● Requirement
Restate, word for word and with no pictures, the stretch of lines in the data below that begins at the line with "Jackfruit tree, white" and ends at the line with "frogro032710_0021.jpg", inclusive.

● Listed records
= Beginning of Section =
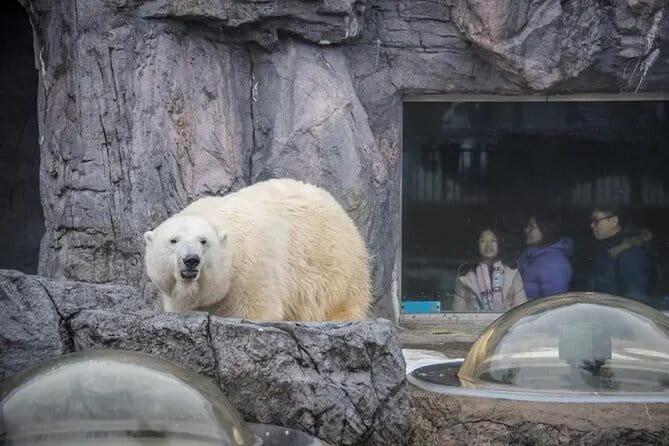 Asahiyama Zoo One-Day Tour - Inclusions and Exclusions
= End of Section =
= Beginning of Section =
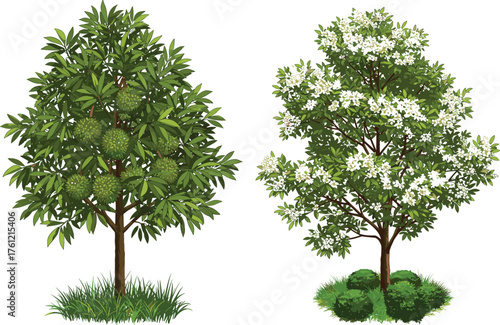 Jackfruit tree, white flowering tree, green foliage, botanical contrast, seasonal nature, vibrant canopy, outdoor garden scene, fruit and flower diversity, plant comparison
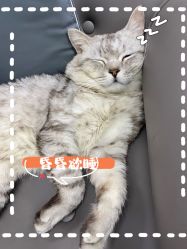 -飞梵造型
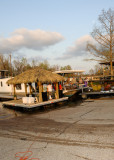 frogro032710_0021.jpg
= End of Section =
● Reply
 Jackfruit tree, white flowering tree, green foliage, botanical contrast, seasonal nature, vibrant canopy, outdoor garden scene, fruit and flower diversity, plant comparison
 -飞梵造型
 frogro032710_0021.jpg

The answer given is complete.